Campaigners have accused Egyptian security forces of killing dozens of alleged militants in extrajudicial executions then claiming the deaths occurred during “shoot-outs”.
Human Rights Watch cited interior ministry statements as reporting 755 such killings between 2015 and 2020.
It examined the cases of 14 men, whose relatives said they died in custody.
The interior ministry has not commented, but its statements said its forces opened fire in self-defence.
They also said that most of those killed over the five-year period were sought for “terrorism” and that most belonged to the Muslim Brotherhood.
Thousands of members and supporters of the banned Islamist movement have been detained as part of a broad crackdown on dissent overseen by President Abdul Fattah al-Sisi since he led the military’s overthrow of his predecessor, Mohammed Morsi, in 2013 following mass protests.
Human Rights Watch says it reviewed interior ministry statements announcing the deaths of 755 people – and the arrest of only one suspect – in 143 alleged shoot-outs between January 2015 and December 2020.

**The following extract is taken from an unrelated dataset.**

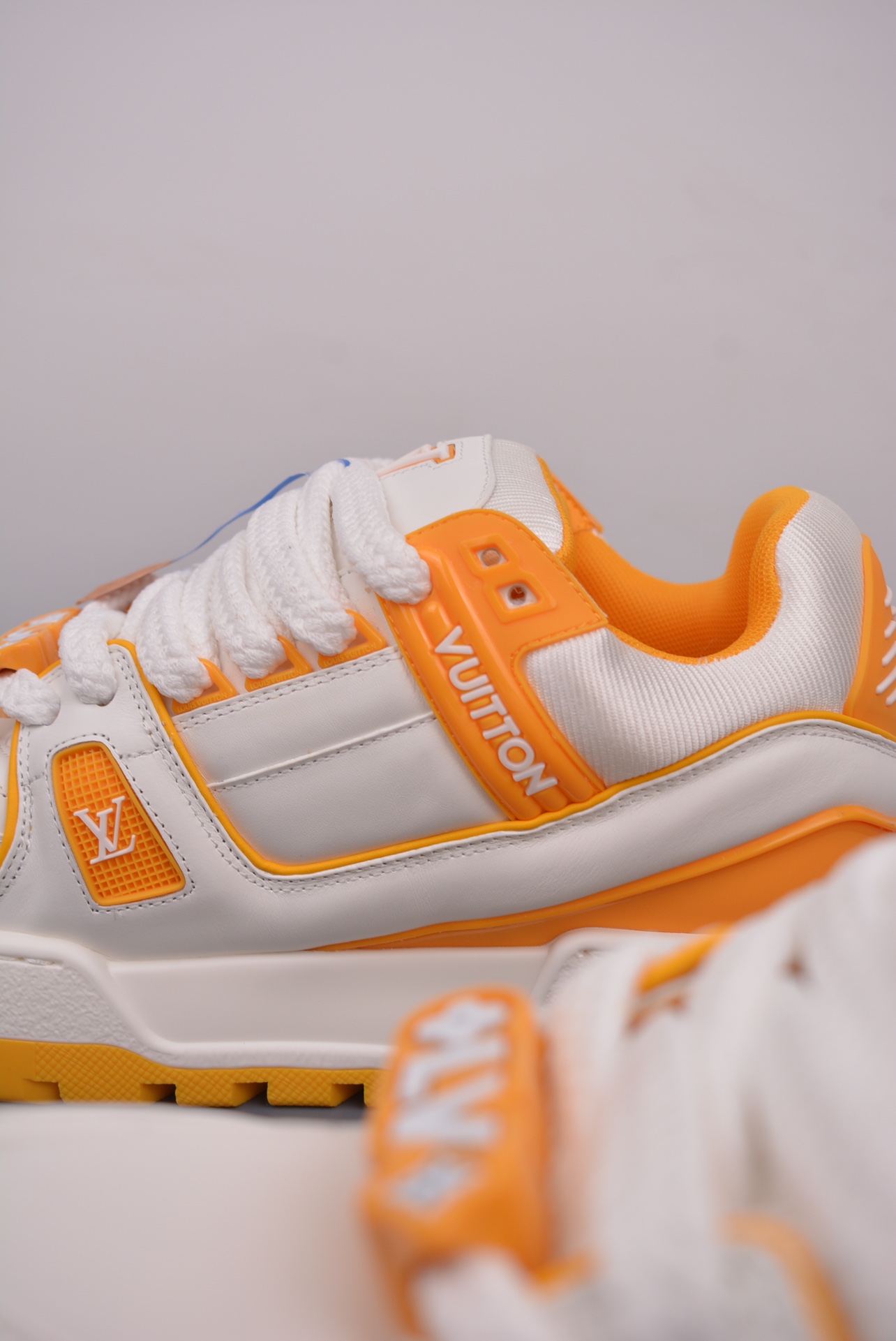 Louis Vuitton Trainer Maxi Low Sneaker white and yellow 1ACPQL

The statements identified only 141 of those killed and provided very little detail, according to the report. However, almost of all of them said the alleged militants opened fire first, compelling security forces to return fire.
Families and acquaintances of the 14 men whose deaths in nine of the alleged shoot-outs were investigated by Human Rights Watch told researchers that they had been arrested and were in custody before they were reported killed.
Eight families said they saw what they believed were signs of abuse on the bodies of their relatives, including burns, cuts, broken bones, or dislocated teeth, according to the report.
Researchers also reviewed independent forensic analysis of photos and videos showing the bodies of five of the men, as well as pictures from the scenes of two of the alleged shootouts.
The reports says that in three cases the analysis was inconsistent with the shoot-out narrative, with the hands of three of the bodies apparently restrained or cuffed behind their backs before death.
“It is not possible to reach definite conclusions about the hundreds of killings in the scores of other alleged shoot-outs, given that the interior ministry rarely provides even the most rudimentary information, such as the names of those killed,” Human Rights Watch said.
“But the conclusions drawn from the documented incidents demonstrate a clear pattern of unlawful killings and cast serious doubt on almost all reported ‘shootouts’.”